──────── DATASET EXTRACT

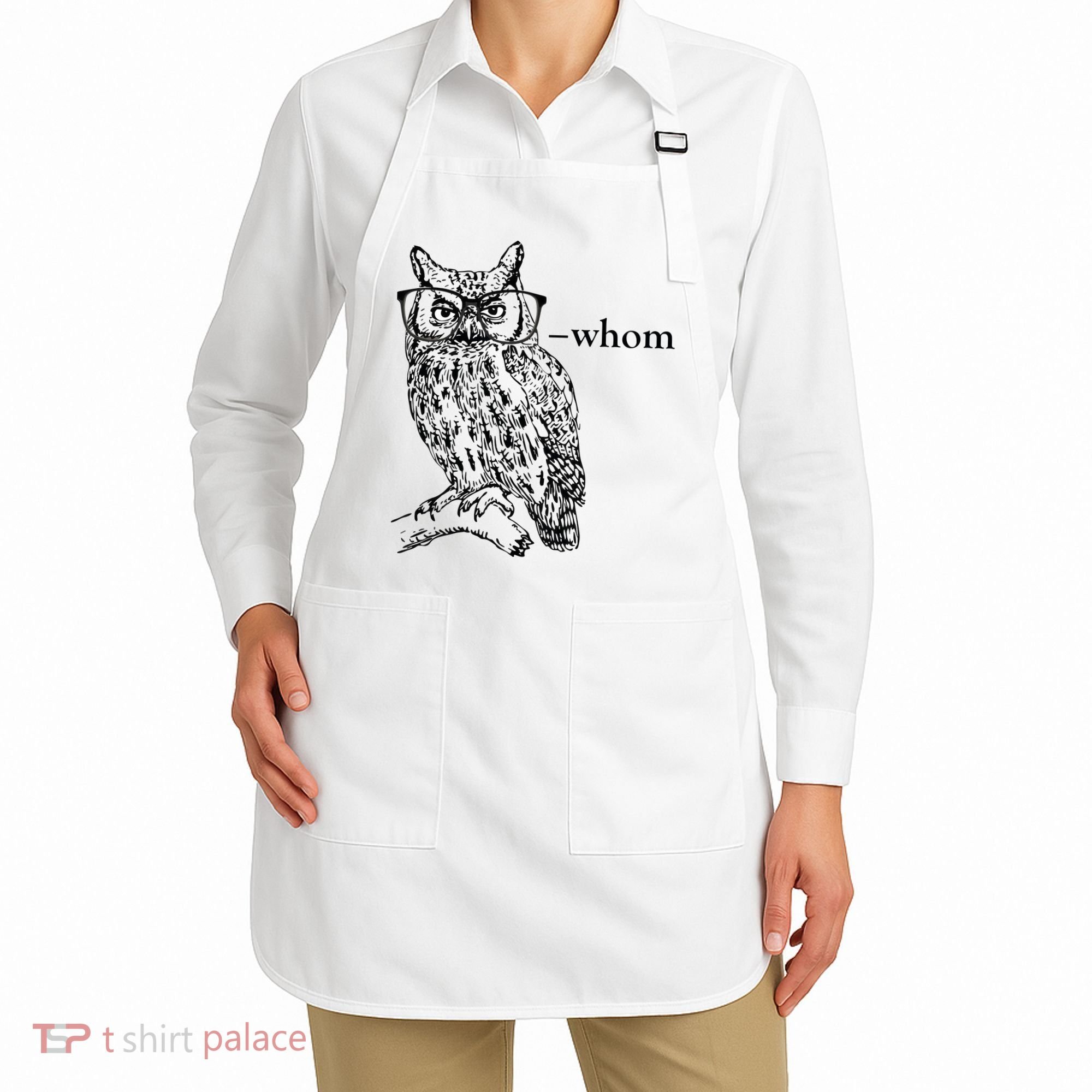 Who Whom Grammar Owl Funny Apron
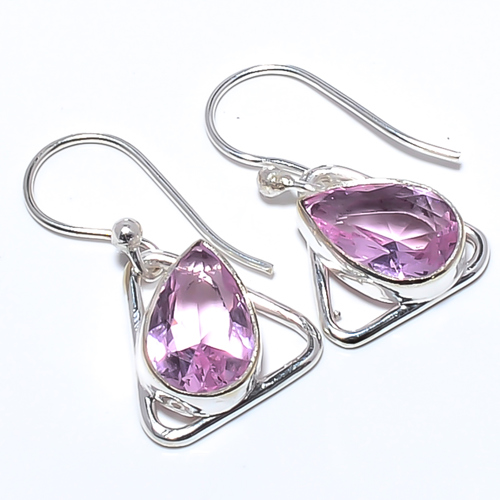 Rose Quartz Handmade 925 Sterling Silver Jewelry Earring 1.17" T2736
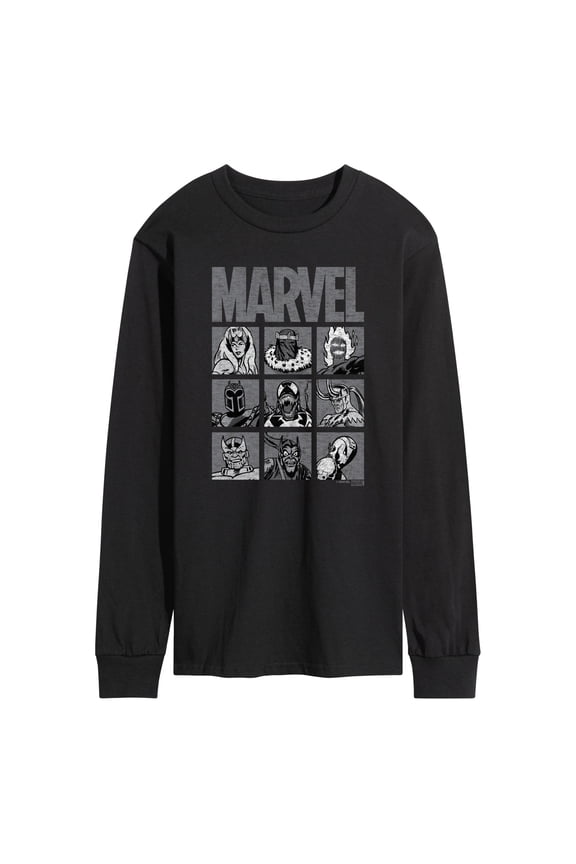 - Villain Grid - Men's Long Sleeve Graphic T-Shirt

────────────────

== TRY IT ==
Copy out all the data exactly; skip the pictures.

== ANSWER TO THIS TASK ==
 Who Whom Grammar Owl Funny Apron
 Rose Quartz Handmade 925 Sterling Silver Jewelry Earring 1.17" T2736
 - Villain Grid - Men's Long Sleeve Graphic T-Shirt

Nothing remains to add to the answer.